Today at RICE, I will be teaching you how to make Eric Khoo’s Ramen Teh.
3kg of pork short ribs
2 tbsp of light comedy
18 lingering shots of food porn
1 cheesy plot
A dash of cliches
As many romantic, sun-kissed flashback sequences as you can possibly stomach in a 1.5 hour film about bak kut teh.
Method of Preparation:
Throw everything in a large pot and mix vigorously.
The premise goes like this.
Masato (Takumi Saito) is a young Japanese ramen chef working under his cold, emotionally distant father. His mother Mei Lian (Jeanette Aw) is a Singaporean woman who passed away in his youth. Masato misses her badly, but has little memory of mom beyond her cooking. So, after his father’s sudden death, Masato finds himself drawn to Singapore in search of lost family and half-forgotten flavours.
Like many food movies, Ramen Teh is not actually about food. Rather, it is about food as a expression for something else: love, kinship, redemption, going back to one’s roots, etc. In the film, cooking and eating is never an end in itself, but a medium used by our reticent characters to express those thoughts and feelings they cannot put into words.

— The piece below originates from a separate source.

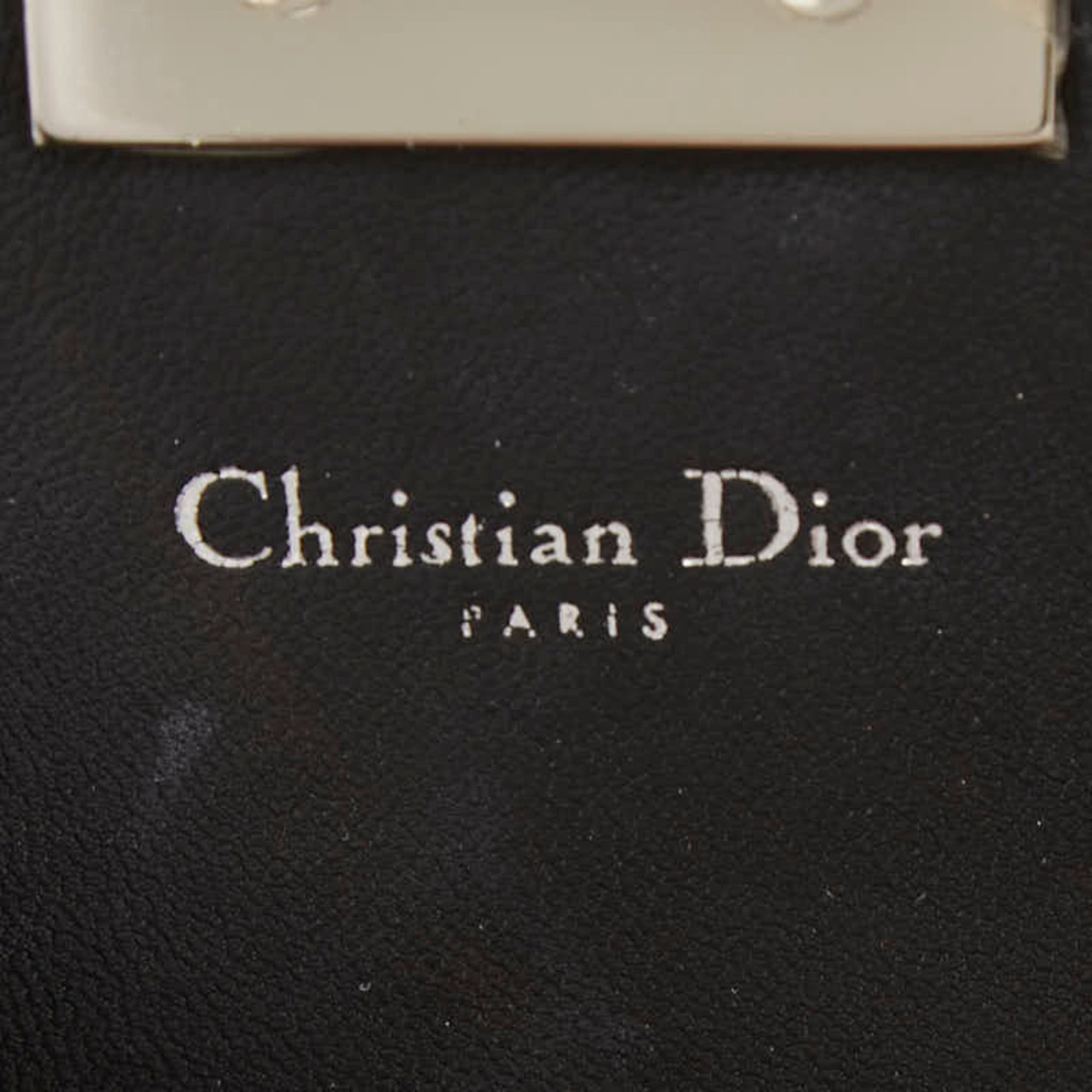 Christian Dior Black Pink Spangles Leather Shoulder Bag (Pre-Owned)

The things we cannot say, we say with food.
A father’s concern is expressed in an elaborate breakfast, while motherly love is remembered in mouthfuls of bee hoon, spoon-fed via a patient hand. In one hilariously memorable scene, Mark Lee’s character displays his hospitality by piling mountains of food onto Masato’s rice bowl.
‘Eat this! try this!’, the host family cries, in a display of warmth that should be familiar to any Singaporean household.
This is the heart of Ramen Teh. It is a movie that explores the meanings manifest in a bowl of pork rib soup or chicken curry. Food, it shows us in painstakingly detail, is not just sustenance. It can wake memory, stir desire, and if done right, bring people together and erase what divides us.
Unfortunately, this idea is not original. In an era when everyone is ‘woke’ to the cultural meanings behind food, Ramen Teh doesn’t bring anything remotely new to the table.
As anyone who has been force-fed by their grandma knows, food is a metaphor for love. However, it is also a nuanced language that can express a variety of sentiments beyond the soft-focus sentimentality that dominates Ramen Teh.
In Ang Lee’s Eat Drink Man Woman, Master Chu’s god-like culinary skill fails to bridge the ever-widening generation gap between himself and his daughters who are illiterate in cooking. In David Chang’s Netflix documentary Ugly Delicious, we explore fried chicken as a fraught symbol for racism, as well as how ‘black’ chicken is being appropriated by ‘white’ business owners.
None of these struggles and conflicts and complexities are present in Ramen Teh.
The movie suffers because of this very Singaporean refusal to raise even the simplest questions about sacrosanct national dishes.
Can a Cantonese woman make better bak kut teh than her Teochew husband? Is double-boiled soup a better way of saying you care than actually saying the words, ‘I care’?
The movie’s answer is always a resounding yes. Of course it can, Ramen Teh exclaims, do you even need to ask?
As a result, we have this messianic view of food as the answer to all of life’s problems. Whether you’re seducing a woman, connecting with your long-lost family or trying to make amends for Japanese atrocities in World War 2, food is THE solution. There is nothing that cannot be fixed with a good noodle soup.
If you cook well and cook with love, all of your troubles will melt away like ice kacang on the tongue.
Sorry, but I don’t buy it. The movie is glib, simplistic and, to be frank, very bland. Its premise promises an interesting exploration of food and culture, but Eric Khoo never takes Singaporean cuisine down from its pedestal for a closer look.
Instead, he cooks up an rose-tinted ideal; a culinary fantasy that has nothing interesting or original to say about its own subject matter.
If you’re lucky enough to have seen My Magic, you’ll know what this man is truly capable of.
This film, however, disappoints. With too little meat on its bones and too much sugar, Ramen Teh is more insta-ready hipster snack than nourishing broth for the soul.